Hey, if lottery players can send in losing tickets for a second chance to win, why can't we mail off other junk for prizes, too?
Send in 10 cigarette butts and earn a chance to win time on an iron lung! Ten old newspapers gets you a fish to wrap.
Maybe you were too busy littering to read the paper last week, but state Treasurer Shannon O'Brien unveiled a plan that allows people to mail or turn in 10 losing scratch tickets for a chance to be entered in a second lottery in which you can win up to $100,000.
Like the bottle bill before it, the ``Clean Fun Sweepstakes'' is an attempt to cut down on litter.
Does it strike anyone else that the Lottery Commission will once again be acting as an enabler, this time for compulsive litterbugs?
It's true. Since there's no rule stating that you have to turn in your own 10 losing tickets, one can imagine a world in which cheap scavengers lurk around convenience stores, encouraging players to toss duds on the floor and then scarfing them up.
Joe, why should you walk all the way over to the garbage can? Think of all the money you spend here - they owe you! Just leave it on the counter or drop it in the parking lot on the way out to your car.
When I first heard about the Clean Fun Sweepstakes I thought the lottery would send you a ticket back for the second drawing, and wondered what would happen to those duds? Could you send in 10 of them for a third chance to win, and so on, and so on and it would never end?

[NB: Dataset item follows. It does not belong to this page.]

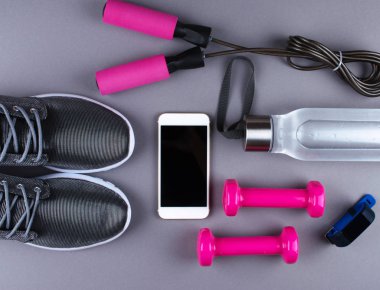 Düz ayakkabı, kulaklık, telefon shot yatıyordu.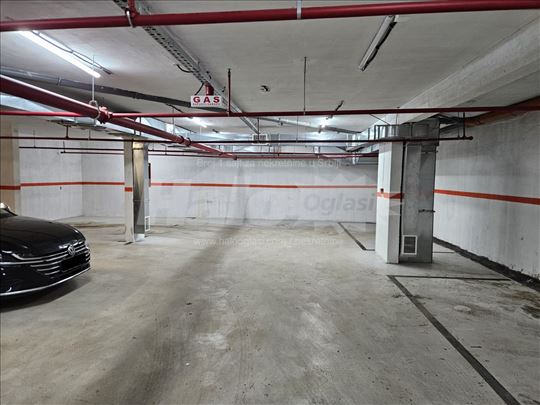 Garažno mesto, Koste Jovanovića, Voždovac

Sadly, a lottery spokesman put an end to my fun and informed me that players would simply be entered into the second chance lottery without a paper ticket. More paper, he said, would contribute to the very problem the lottery is trying to fight. Oh, well.
The drawings haven't started yet, but I'm already nostalgic for a world that's quickly disappearing. First those pull-off tabs on soda cans went, then phone booths, now lottery tickets.
I'm worried that cigarette butts will be next.
In Maine, a state lawmaker has introduced a bill that would tack a nickel surcharge on every filter-tipped cigarette sold in the state. To get your nickel back, you have to turn in your soggy, gummed butts at a redemption center.
While the bill enjoys the backing of the Maine Innkeepers Association and those who see the potential law as a moneymaker for the state, the Returnable Tobacco Products Bill has some detractors.
``I have some grave reservations about clerks being required to take back something that has been in other people's mouths,'' a member of the legislative committee considering the bill told a reporter.
I say leave the cigarettes alone and focus on our real problem: all this snow.
How about a program that allows you to mail it someplace. And the sooner the better. I'm calling Fed Ex the moment I get home.